Performance tuning and scaling best practices
There are various aspects that influence the performance and ability to scale an Airlock IAM system depending on the precise usage scenario. This article highlights the most common bottlenecks.
Audit log
In Airlock IAM audit log signing is disabled by default. The signature ensures that manipulations of log messages are detectable. The generation of log sequence numbers and digital signatures limits scaling with the number of CPU cores. Disabling audit log signing can speed up the whole system significantly. Audit log messages are still written - but not signed anymore.
To change audit log signing:
- Open the instance configuration (e.g. instances/auth/instance.properties) in an editor.
- To disable set the property “iam.audit-log.signing.enabled” to
false. - To enable set the property “iam.audit-log.signing.enabled” to
true. - Restart the IAM instance to activate the changes.
Database selection
The Data sources (databases, directories) section lists the supported databases.
Choose your database according to your requirements:
- Some of them are known to scale well with the number of users or tokens.
- Others, like the H2 database, are fine for smaller scenarios only.
The supported H2 database has limitations, therefore we recommend using it only for testing purposes and for small production scenarios with some hundreds of users.
Limitations of the H2 database:
- H2 uses only one index per logical table at a time in each query.
- The H2 cluster feature imposes additional limitations on performance (result sets are completely loaded into memory).
Database monitoring
The chosen database, as well as the database host, have to be monitored to detect unexpected increasing system load, a high proportion of I/O wait, or inefficient queries due to missing indexes.
Database indices
To scale well, a database needs indices that are based on the most frequent use cases. Since Airlock IAM is highly configurable regarding database fields, the indices have to be set with the knowledge of the field configuration and usage.
IAM defines indices and primary keys in the database schema setup scripts. The database schemas are not updated automatically when updating the Airlock IAM software. Changes to the database schemas have to be performed manually.
The schema files and the schema update files per database can be found here:
Data sources (databases, directories)
Database statistics
DB systems use optimizers to tune queries on their own.
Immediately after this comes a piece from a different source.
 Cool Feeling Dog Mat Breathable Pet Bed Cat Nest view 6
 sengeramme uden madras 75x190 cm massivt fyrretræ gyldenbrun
The decisions of the query optimizer are based on database usage statistics. The statistics have to be up-to-date to result in the best decisions.
We strongly recommend configuring the DB system to create new statistics regularly.
Database connection pool
Connections from Airlock IAM to the DB are handled by connection pools.
The idea is to run only as many parallel requests in the database as it can handle at a time:
- Using too few DB connections will result in a bottleneck (wait events in IAM).
- Using too many DB connections can result in DB wait events and lower the overall performance as well.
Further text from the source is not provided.